Resource starvation is not the only reason for federal inaction. The
INS was a creature of immigration politics, and INS district
directors came under great pressure from local politicians to divert
scarce resources into distribution of such “benefits” as
permanent residency, citizenship, and work permits, and away from
criminal or other investigations. In the late 1980s, for example, the
INS refused to join an FBI task force against Haitian drug trafficking
in Miami, fearing criticism for “Haitian-bashing.” In 1997, after
Hispanic activists protested a much-publicized raid that netted
nearly two dozen illegals, the Border Patrol said that it would no
longer join Simi Valley, California, probation officers on home
searches of illegal-alien-dominated gangs.

The disastrous Citizenship USA project of 1996 was a luminous case of
politics driving the INS to sacrifice enforcement to “benefits.”
When, in the early 1990s, the prospect of welfare reform drove
immigrants to apply for citizenship in record numbers to preserve
their welfare eligibility, the Clinton administration, seeing a
political bonanza in hundreds of thousands of new welfare-dependent
citizens, ordered the naturalization process radically expedited.
Thanks to relentless administration pressure, processing errors in
1996 were 99 percent in New York and 90 percent in Los Angeles, and
tens of thousands of aliens with criminal records, including for
murder and armed robbery, were naturalized.

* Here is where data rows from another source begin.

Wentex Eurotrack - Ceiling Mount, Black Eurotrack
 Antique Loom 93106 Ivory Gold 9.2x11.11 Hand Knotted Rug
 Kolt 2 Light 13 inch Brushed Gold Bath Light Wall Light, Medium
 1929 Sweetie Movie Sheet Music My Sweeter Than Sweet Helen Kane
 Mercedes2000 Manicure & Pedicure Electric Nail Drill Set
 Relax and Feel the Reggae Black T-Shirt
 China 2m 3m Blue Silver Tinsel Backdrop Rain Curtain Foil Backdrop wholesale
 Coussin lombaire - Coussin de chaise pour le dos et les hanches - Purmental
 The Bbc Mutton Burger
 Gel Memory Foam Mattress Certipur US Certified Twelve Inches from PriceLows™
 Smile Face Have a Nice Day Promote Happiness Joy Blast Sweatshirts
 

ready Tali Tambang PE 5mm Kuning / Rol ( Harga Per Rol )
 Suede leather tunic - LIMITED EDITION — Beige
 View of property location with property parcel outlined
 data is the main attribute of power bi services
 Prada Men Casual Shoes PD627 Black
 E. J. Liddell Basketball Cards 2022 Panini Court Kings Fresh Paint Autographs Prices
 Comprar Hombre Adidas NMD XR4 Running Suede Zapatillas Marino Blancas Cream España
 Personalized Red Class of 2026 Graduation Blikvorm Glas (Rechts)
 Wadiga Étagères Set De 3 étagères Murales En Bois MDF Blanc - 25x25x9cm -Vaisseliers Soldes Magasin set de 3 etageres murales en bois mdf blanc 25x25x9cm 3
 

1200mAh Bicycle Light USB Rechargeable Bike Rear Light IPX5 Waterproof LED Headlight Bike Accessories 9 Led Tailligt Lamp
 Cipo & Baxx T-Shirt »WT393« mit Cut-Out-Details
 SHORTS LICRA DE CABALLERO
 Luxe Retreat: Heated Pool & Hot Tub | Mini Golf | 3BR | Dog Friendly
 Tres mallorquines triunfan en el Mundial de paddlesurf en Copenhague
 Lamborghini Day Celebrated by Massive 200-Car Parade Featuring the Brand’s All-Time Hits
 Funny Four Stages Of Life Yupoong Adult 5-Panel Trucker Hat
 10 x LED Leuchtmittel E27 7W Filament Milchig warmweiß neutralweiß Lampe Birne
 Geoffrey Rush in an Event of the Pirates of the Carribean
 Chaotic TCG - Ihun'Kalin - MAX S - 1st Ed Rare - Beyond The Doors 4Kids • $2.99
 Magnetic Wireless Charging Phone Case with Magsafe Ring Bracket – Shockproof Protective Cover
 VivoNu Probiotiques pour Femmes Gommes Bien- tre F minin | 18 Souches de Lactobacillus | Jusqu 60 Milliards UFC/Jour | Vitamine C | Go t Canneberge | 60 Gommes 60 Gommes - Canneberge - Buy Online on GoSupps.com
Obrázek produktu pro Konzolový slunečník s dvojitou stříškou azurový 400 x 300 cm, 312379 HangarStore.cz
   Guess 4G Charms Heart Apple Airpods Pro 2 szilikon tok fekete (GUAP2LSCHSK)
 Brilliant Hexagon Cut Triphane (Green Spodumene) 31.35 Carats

Another powerful political force, the immigration bar association,
has won from Congress an elaborate set of due-process rights for
criminal aliens that can keep them in the country indefinitely.
Federal probation officers in Brooklyn are supervising two
illegals—a Jordanian and an Egyptian with Saudi citizenship—who
look “ready to blow up the Statue of Liberty,” according to a
probation official, but the officers can’t get rid of them. The
Jordanian had been caught fencing stolen Social Security and
tax-refund checks; now he sells phone cards, which he uses himself to
make untraceable calls. The Saudi’s offense: using a fraudulent
Social Security number to get employment—a puzzlingly unnecessary
scam, since he receives large sums from the Middle East, including
from millionaire relatives. But intelligence links him to terrorism,
so presumably he worked in order not to draw attention to himself.
Currently, he changes his cell phone every month. Ordinarily such a
minor offense would not be prosecuted, but the government, fearing
that he had terrorist intentions, used whatever it had to put him in
prison.

Even where immigration officials successfully nab and deport criminal
aliens, the reality, says a former federal gang prosecutor, is that
“they all come back. They can’t make it in Mexico.” The tens of
thousands of illegal farmworkers and dishwashers who overpower U.S.
border controls every year carry in their wake thousands of brutal
assailants and terrorists who use the same smuggling industry and who
benefit from the same irresistible odds: there are so many more of
them than the Border Patrol.

For, of course, the government’s inability to keep out criminal
aliens is part and parcel of its inability to patrol the border,
period. For decades, the INS had as much effect on the migration of
millions of illegals as a can tied to the tail of a tiger. And the
immigrants themselves, despite the press cliché of hapless aliens
living fearfully in the shadows, seemed to regard immigration
authorities with all the concern of an elephant for a flea.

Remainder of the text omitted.